Radykalna zmiana w strategii, jaką jego rząd wprowadził pod koniec tygodnia, polega na odejściu od "selektywnej kwarantanny", którą wprowadzano i odwoływano w poszczególnych miastach, dzielnicach i regionach zależnie od rozwoju epidemii w kraju i która zdawała się dawać początkowo bardzo dobre wyniki.
Zastąpiono ją od soboty rano, rygorystyczną "całkowitą kwarantanną" w 38 dzielnicach prawie 7-milionowej stolicy kraju, Santiago de Chile. Rząd podjął taką decyzję po tym, gdy liczba zachorowań w mieście wzrosła w ciągu tygodnia z 1 tys. do około 2 tys. dziennie. Do soboty włącznie w Chile potwierdzono zakażenie koronowirusem u 41 428 osób, z czego zmarło 421 chorych.
- To najtrudniejszy moment moich rządów - przytacza słowa prezydenta "La Tercera", relacjonując w niedzielnym wydaniu przebieg nadzwyczajnego posiedzenia rządu. - Jeśli będzie trzeba, wprowadzimy kwarantannę totalną nawet w całym kraju - dodał Pinera.

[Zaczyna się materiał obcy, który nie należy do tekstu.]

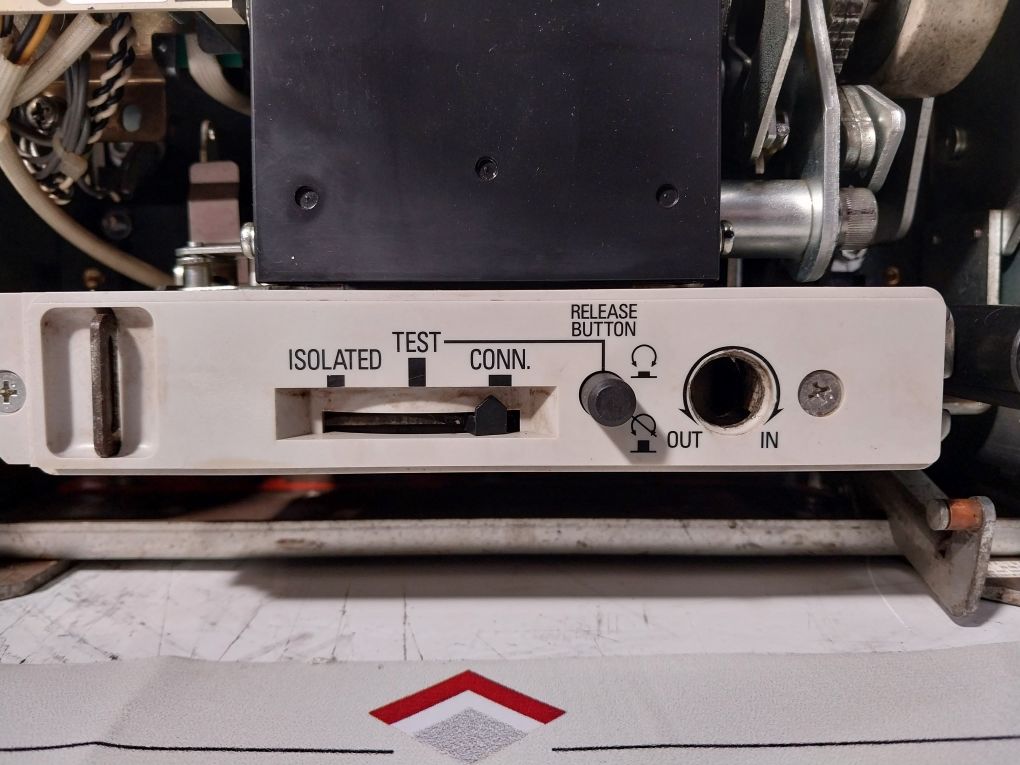 Terasaki Ar208S Air Circuit Breaker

Porzucenie dotychczasowej strategii "selektywnej kwarantanny" nastąpiło w chwili, gdy Chile szykowało się w związku z nadchodzącą południowoamerykańską zimą do otwarcia szkół. Od poniedziałku planowano także zniesienie w niemal całym kraju ograniczeń w handlu i przywrócenie normalnej pracy urzędów.
Tysiące policjantów czuwa w nocy
Jak przyznała sekretarz stanu w rządzie prezydenta, Karla Rubilar, "wcześniejsza zapowiedź powrotu do nowej normalności nie została dobrze przyjęta w Chile". Społeczeństwo - powiedziała - sądzi bowiem, że rząd nie powinien stosować tej samej strategii walki z koronawirusem wobec zamożnych dzielnic miast i tych uboższych, bardziej narażonych na atak epidemii.
Rozwój wydarzeń w ciągu ostatniego tygodnia całkowicie potwierdził te obawy. Nad przestrzeganiem nocnej godziny policyjnej i drastycznych ograniczeń w ruchu na ulicach stolicy Chile czuwa od soboty 8 tys. policjantów i żandarmów.